(Exercise materials Opens)
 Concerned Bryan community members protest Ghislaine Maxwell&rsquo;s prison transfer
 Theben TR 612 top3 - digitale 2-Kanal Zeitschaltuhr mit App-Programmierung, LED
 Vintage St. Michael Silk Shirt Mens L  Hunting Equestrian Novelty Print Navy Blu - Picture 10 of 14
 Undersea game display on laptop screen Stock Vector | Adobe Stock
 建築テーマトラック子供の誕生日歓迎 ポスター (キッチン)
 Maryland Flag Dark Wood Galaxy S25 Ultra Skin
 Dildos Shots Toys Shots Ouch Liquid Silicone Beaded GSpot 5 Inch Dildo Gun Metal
(Exercise materials Closes)
(Exercise materials Opens)
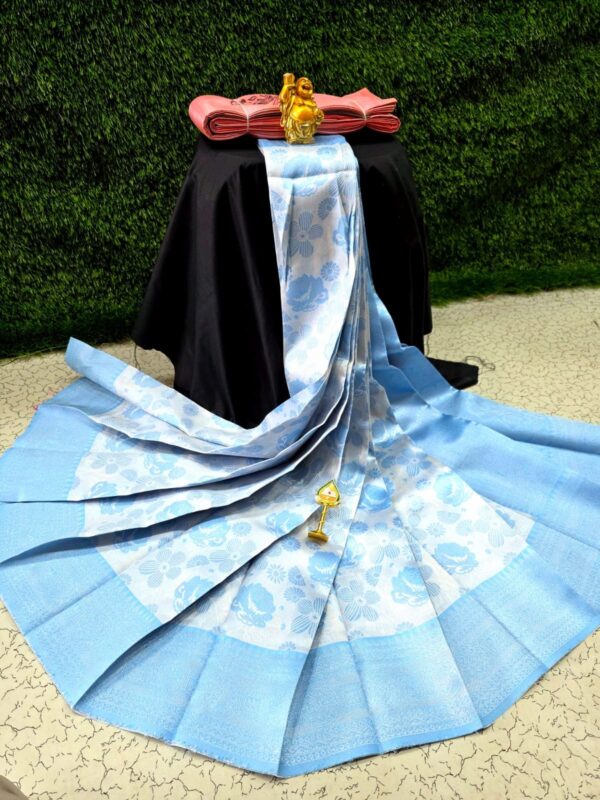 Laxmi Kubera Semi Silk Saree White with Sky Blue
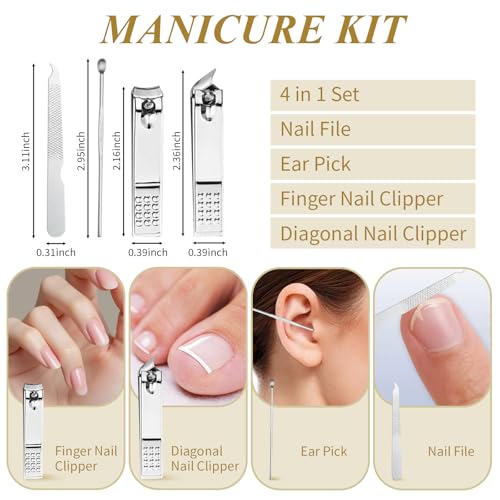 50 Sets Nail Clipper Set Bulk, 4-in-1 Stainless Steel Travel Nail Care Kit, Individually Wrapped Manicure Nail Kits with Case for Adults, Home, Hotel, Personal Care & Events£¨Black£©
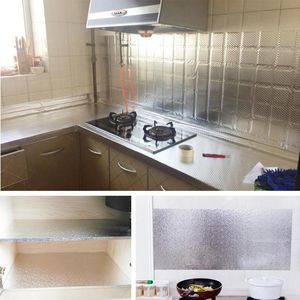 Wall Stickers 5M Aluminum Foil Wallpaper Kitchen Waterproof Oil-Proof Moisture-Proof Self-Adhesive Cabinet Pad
(Exercise materials Closes)
-- Required work --
Out of the data above, set down the lines from the one with "Concerned Bryan community" to the one with "Dildos Shots Toys", both included, exactly as written and with no additions.

-- Response for this exercise --
 Concerned Bryan community members protest Ghislaine Maxwell&rsquo;s prison transfer
 Theben TR 612 top3 - digitale 2-Kanal Zeitschaltuhr mit App-Programmierung, LED
 Vintage St. Michael Silk Shirt Mens L  Hunting Equestrian Novelty Print Navy Blu - Picture 10 of 14
 Undersea game display on laptop screen Stock Vector | Adobe Stock
 建築テーマトラック子供の誕生日歓迎 ポスター (キッチン)
 Maryland Flag Dark Wood Galaxy S25 Ultra Skin
 Dildos Shots Toys Shots Ouch Liquid Silicone Beaded GSpot 5 Inch Dildo Gun Metal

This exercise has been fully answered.